Community Preservation Back in Play

A group of representatives from the Open Space Action Committee were on hand Monday evening at the Board of Selectmen meeting to express their desire to get a Community Preservation Act approved for the town of Rochester.

According to members of the Open Space Action Committee, the last vote for a CPA was 26 votes shy of being approved in 2006.

Rosemary Smith, who is on the committee, said that the CPA enables cities and towns of Massachusetts to acquire funds to make open spaces more suitable for things like walking paths, baseball fields, and other outdoor recreational activities, as well as for preserving and restoring properties of historical significance. Funds from the CPA could also be used to preserve land and to protect drinking water, as well as wildlife habitats.
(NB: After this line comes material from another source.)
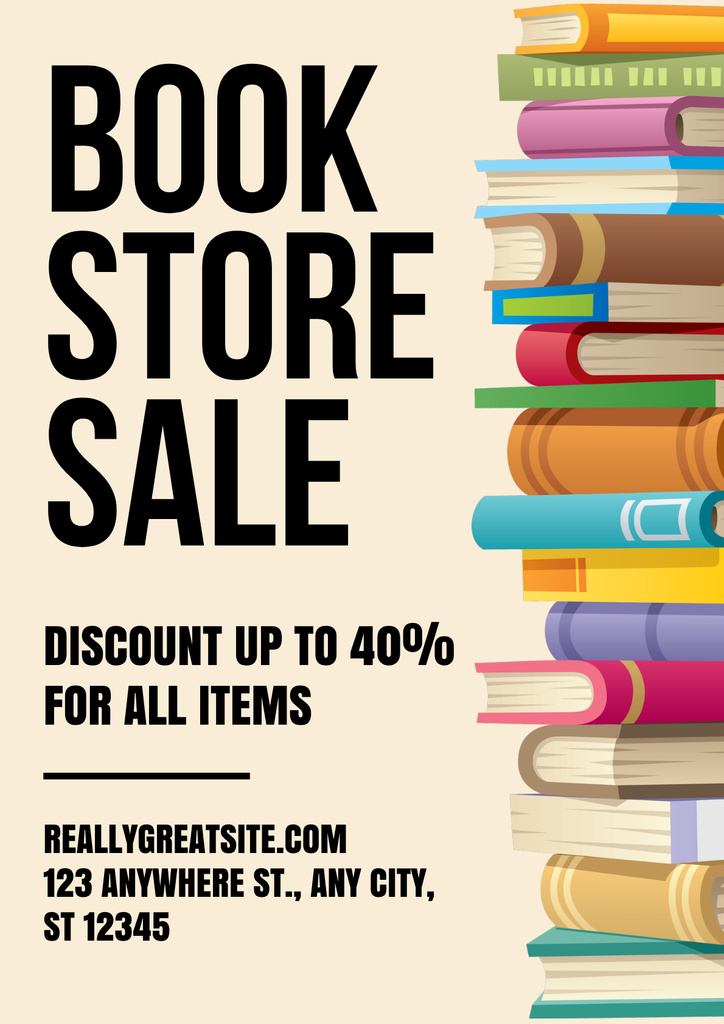 Ontwerpsjabloon van Poster van Book Store Sale Ad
“All of the towns around us have the CPA, and by putting in a very small amount of money from [the taxpayers], they have reaped millions of dollars,” said Susan Teal, who is also on the Open Space Action Committee.

According to the Committee, 155 towns in Massachusetts have a CPA in place, and 30 are attempting to bring it forward.
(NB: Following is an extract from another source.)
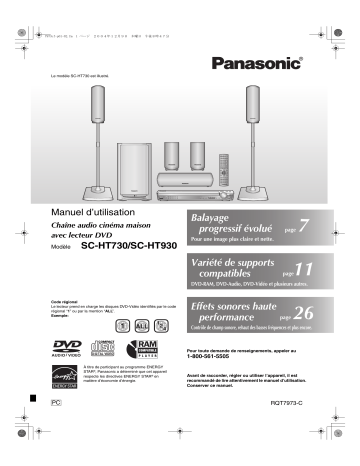 Manuel du propriétaire | Panasonic SC-HT730 Manuel utilisateur | Fixfr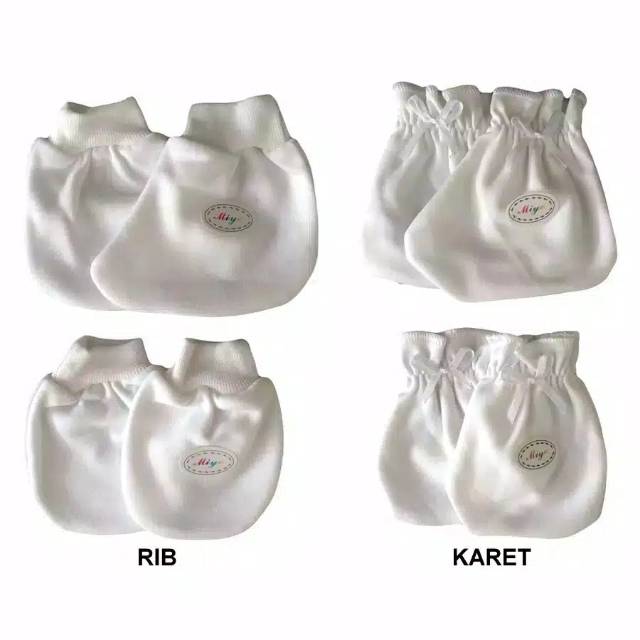 MIYO 1 Set Sarung Tangan &amp; Kaos Kaki Karet / RIB Bayi PUTIH (0-3M)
Smith said that the point in going before the Selectmen Monday was to get feedback as to whether they thought the town vote for the CPA should be for the fall or spring.

The Board suggested that they go forth in creating some sort of memo stating their goals as well as to find members to be on the committee before they do anything else.

Smith also said that the average tax increase for a homeowner in Rochester would be about $30-50 per year.

“It’s town-directed spending,” Smith said.

In other news, Police Chief Paul Magee introduced new Sergeant Robert F. Small Jr., who’s been with the Rochester Police Department since in March of 1998. According to Magee, Small graduated from the Southern New England School of Law in 2009, and he recommended the promotion to Sergeant to the Board, who approved the change.

Town Administrator Richard LaCamera also announced that funding from the Chapter 90 Reimbursement, which helps municipalities get funding to repair roads, was cut in half due to a recent decision made by Governor Deval Patrick. According to LaCamera, they were expecting to get about $459,000, and instead, they will only receive about $229,000.

“That’s kind of disappointing, because this is the time that we schedule our paving and roadwork,” LaCamera said.

The next Board of Selectmen meeting is on June 17.